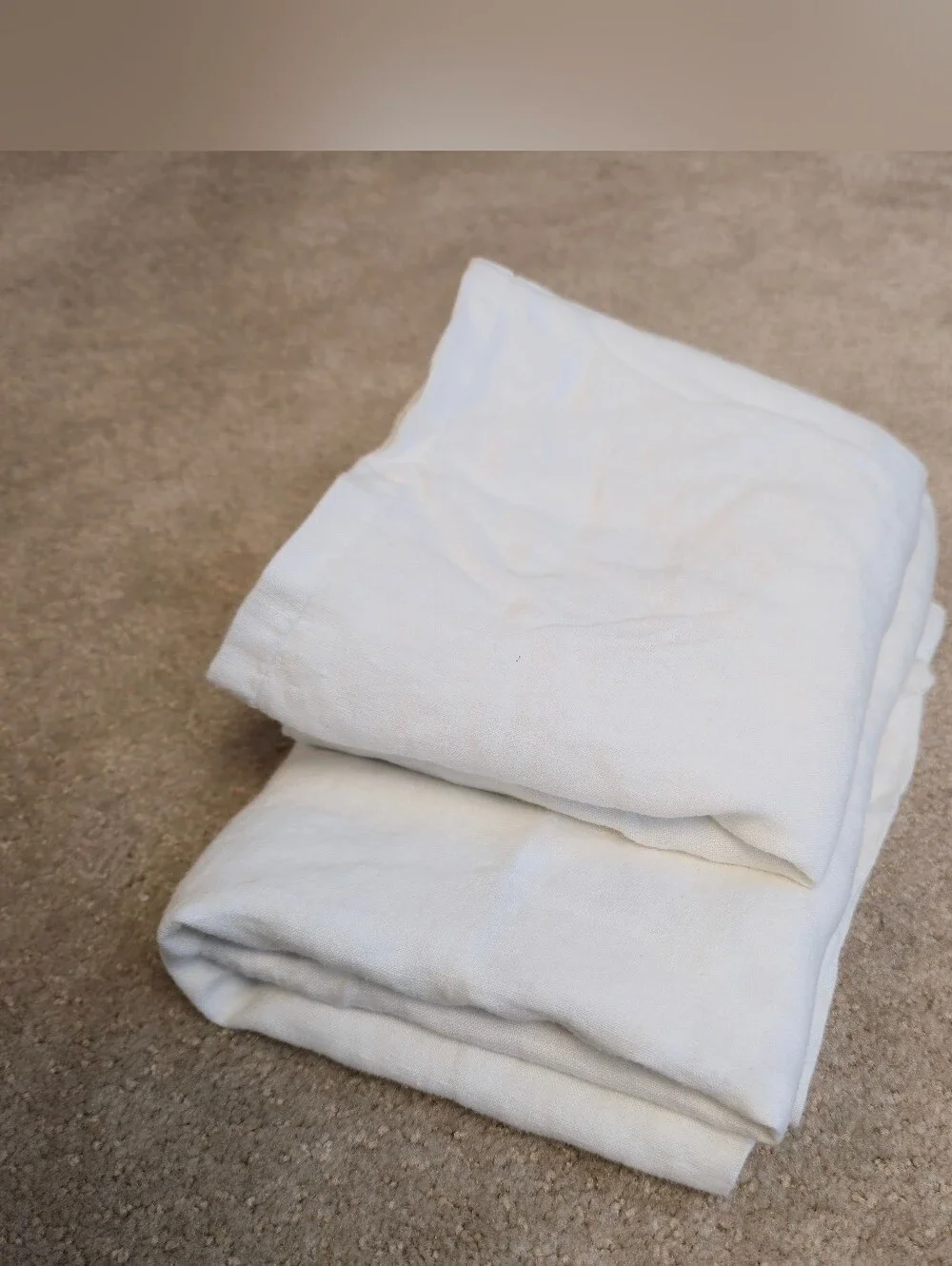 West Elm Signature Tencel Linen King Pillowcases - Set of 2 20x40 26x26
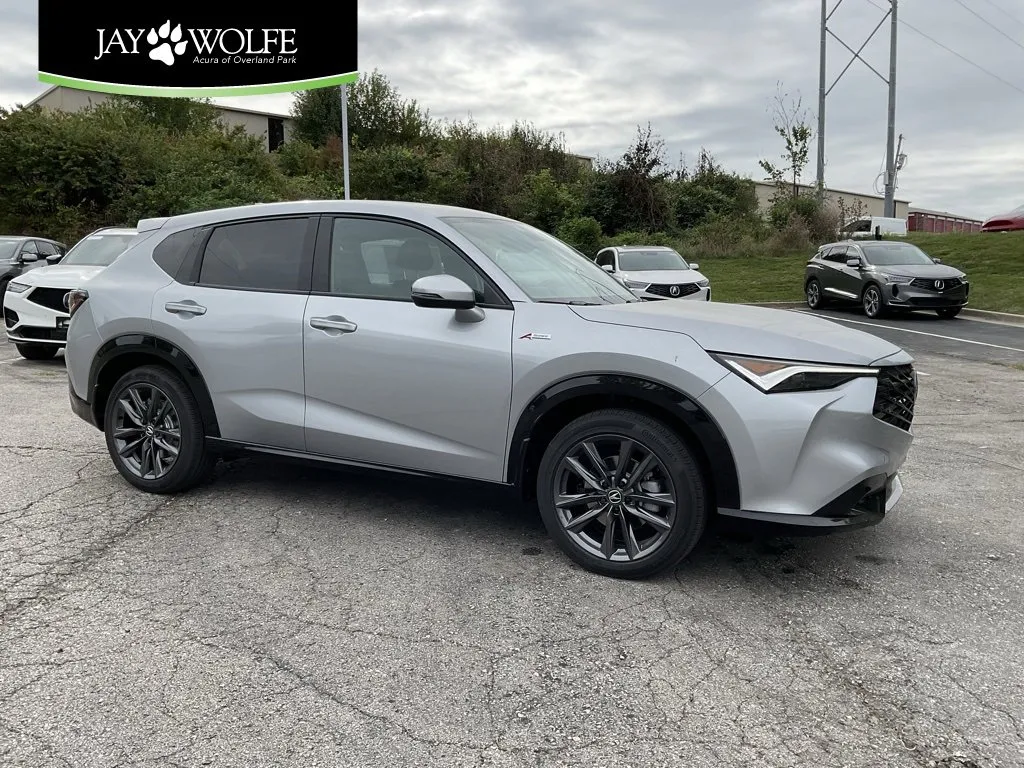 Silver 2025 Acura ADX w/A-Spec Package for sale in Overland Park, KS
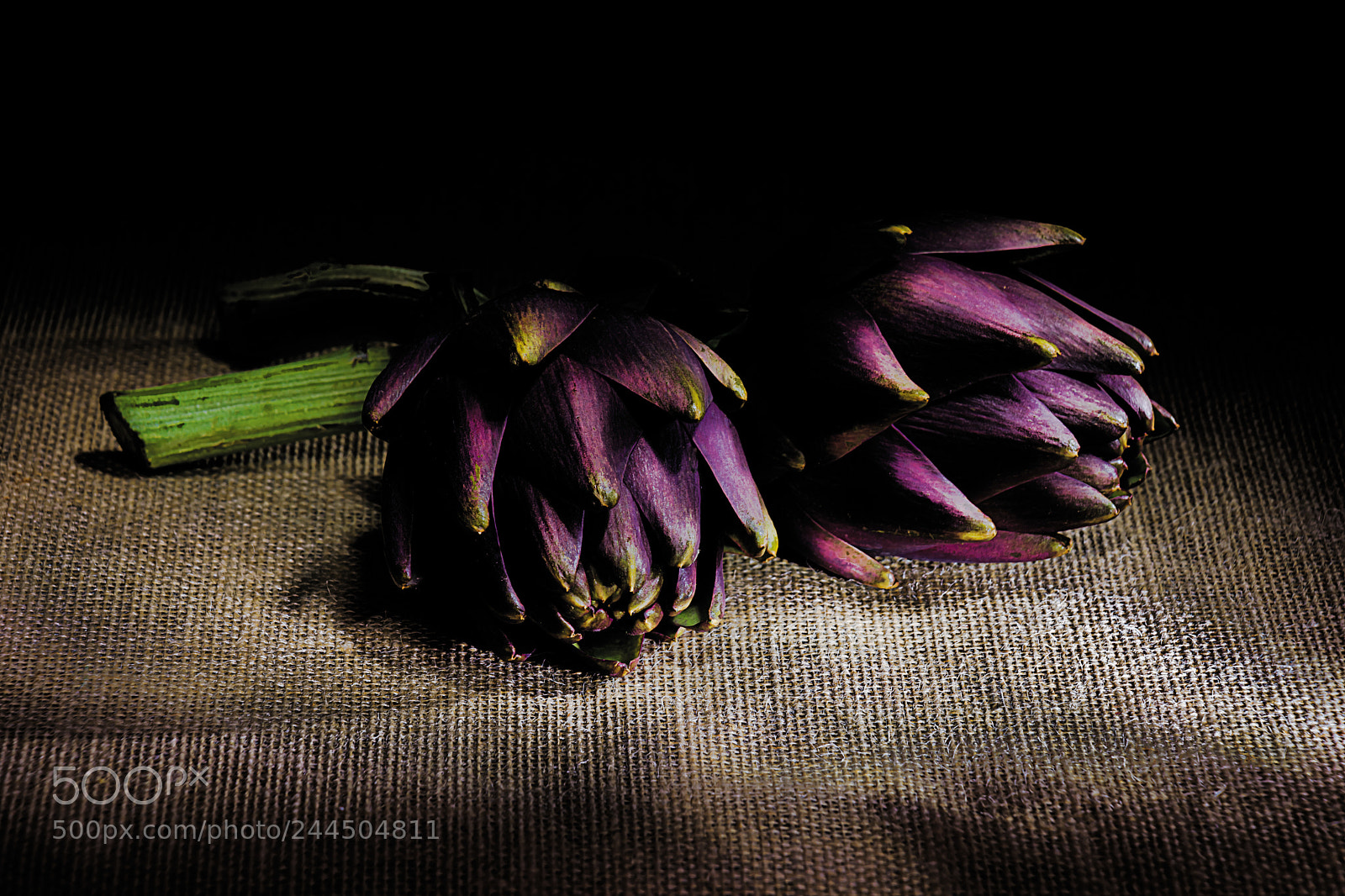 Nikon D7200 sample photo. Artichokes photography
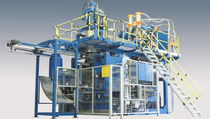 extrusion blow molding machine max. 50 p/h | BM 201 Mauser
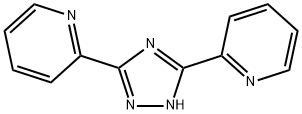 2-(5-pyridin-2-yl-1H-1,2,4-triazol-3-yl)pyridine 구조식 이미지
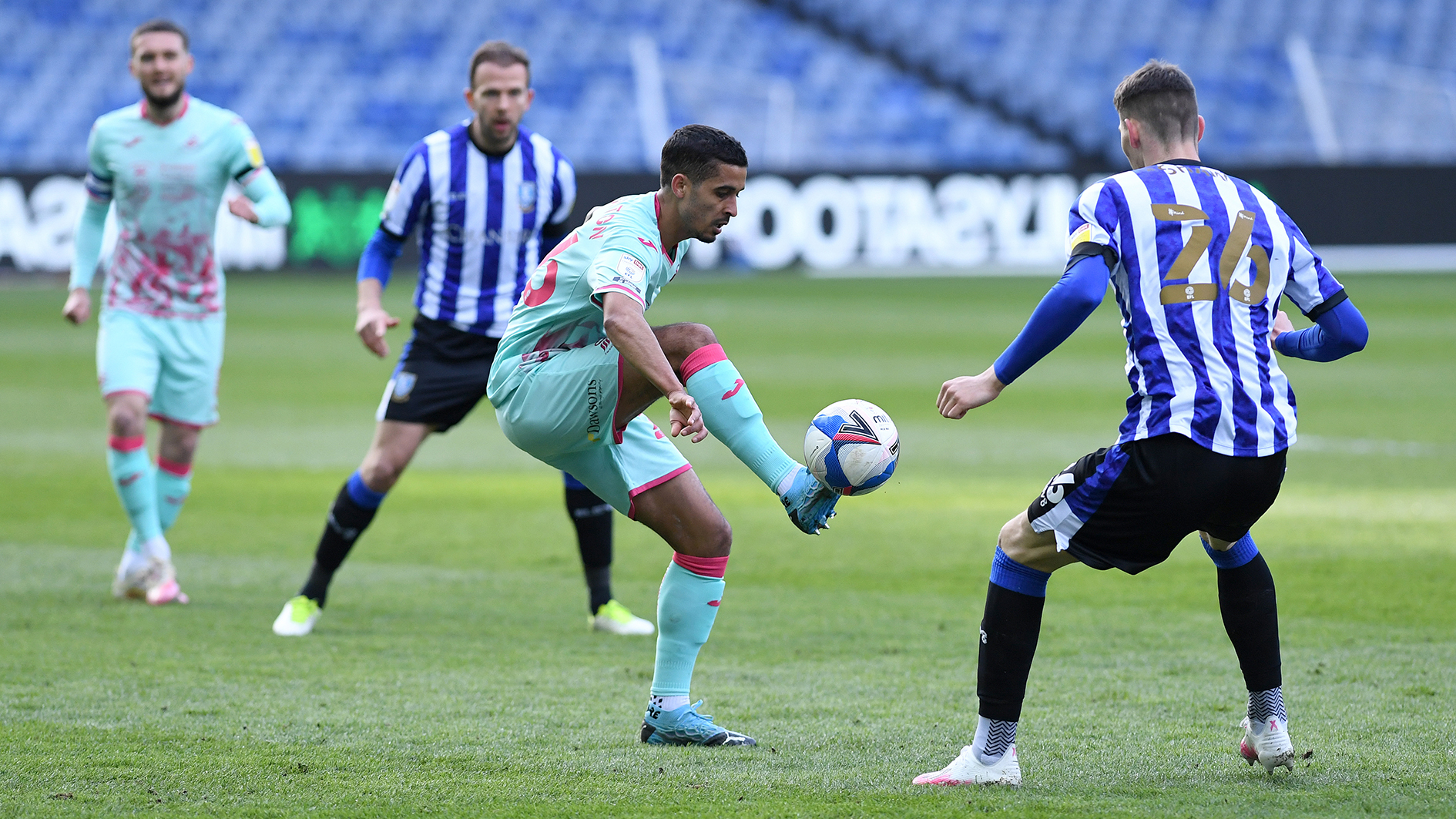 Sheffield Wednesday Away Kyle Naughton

...

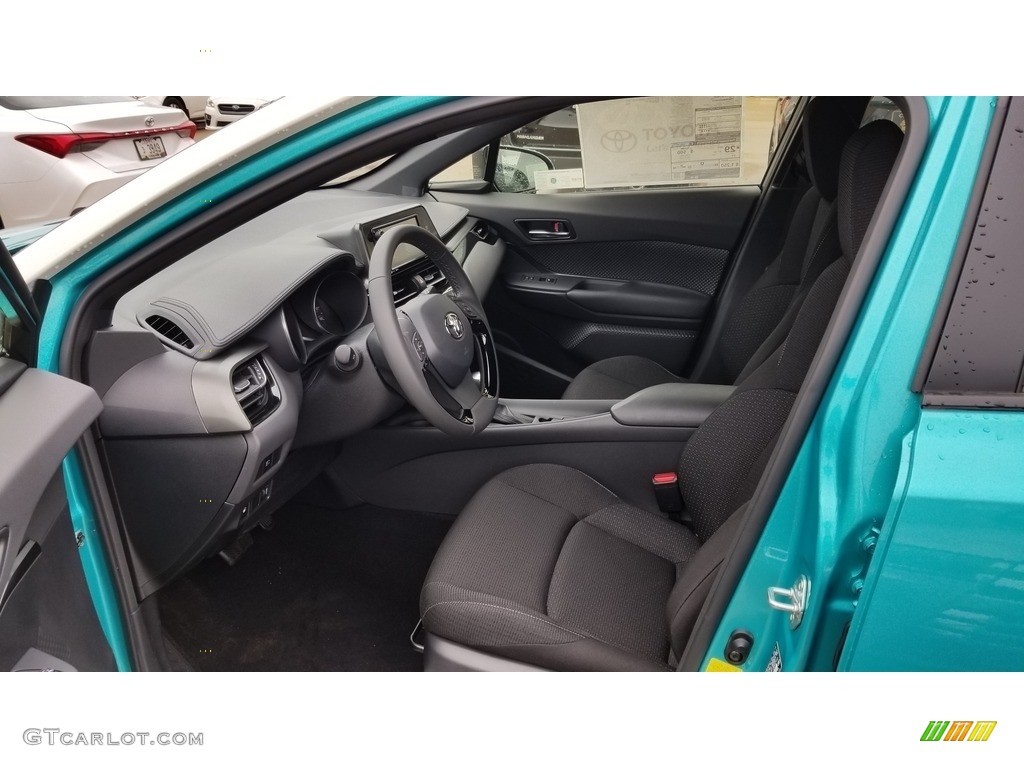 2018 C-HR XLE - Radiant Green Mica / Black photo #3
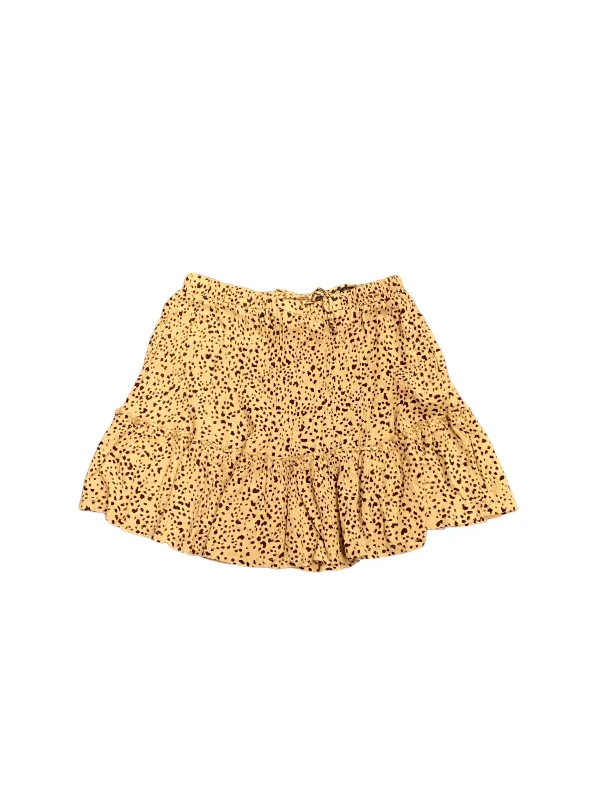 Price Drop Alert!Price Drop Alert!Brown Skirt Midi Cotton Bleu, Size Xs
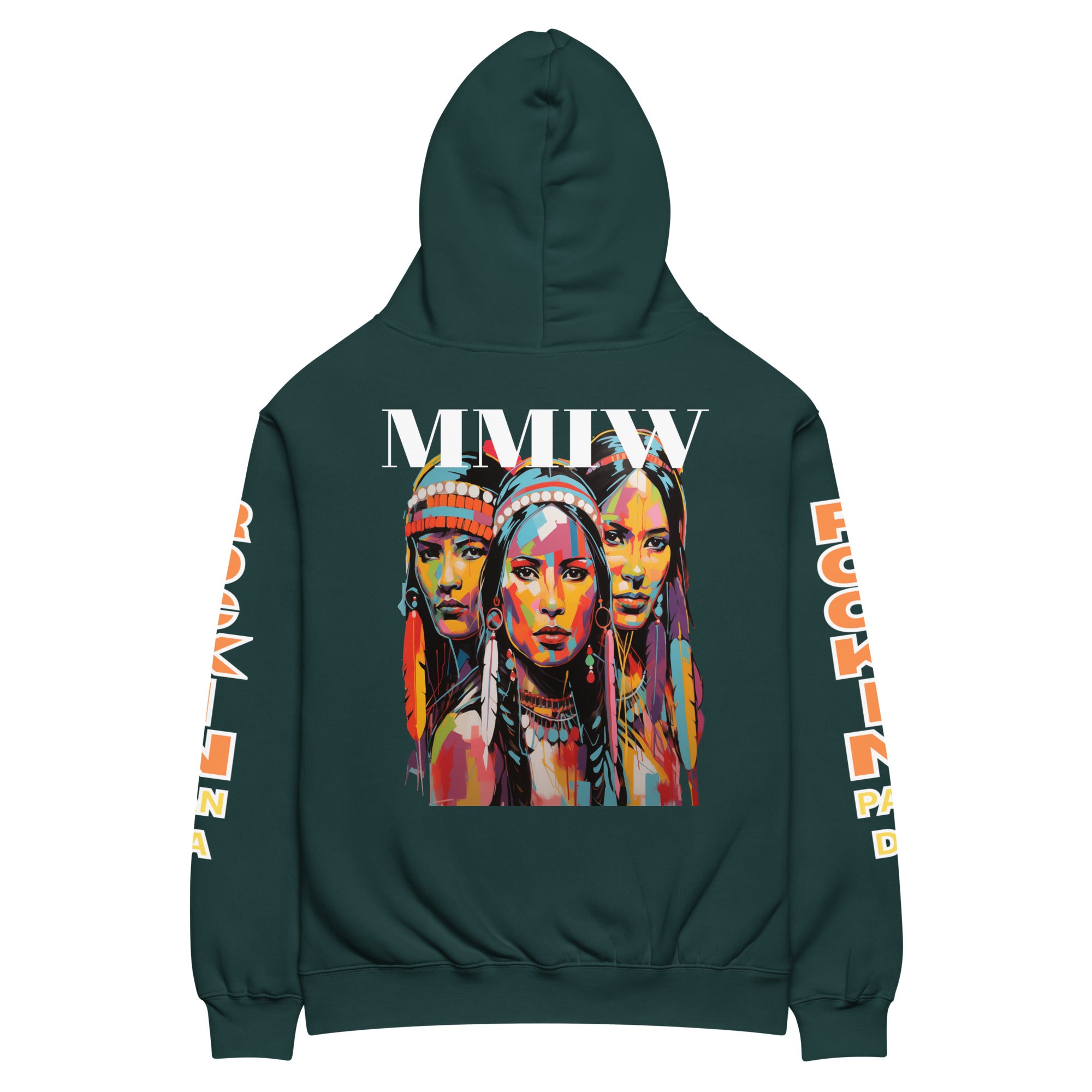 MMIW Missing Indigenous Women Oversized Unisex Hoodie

**What you are asked to do:**
Going by the data above, give back only the lines from the one containing "Price Drop Alert!Price" through the one containing "MMIW Missing Indigenous", exactly as they stand, both ends included and no images.

**Result of this exercise:**
 Price Drop Alert!Price Drop Alert!Brown Skirt Midi Cotton Bleu, Size Xs
 MMIW Missing Indigenous Women Oversized Unisex Hoodie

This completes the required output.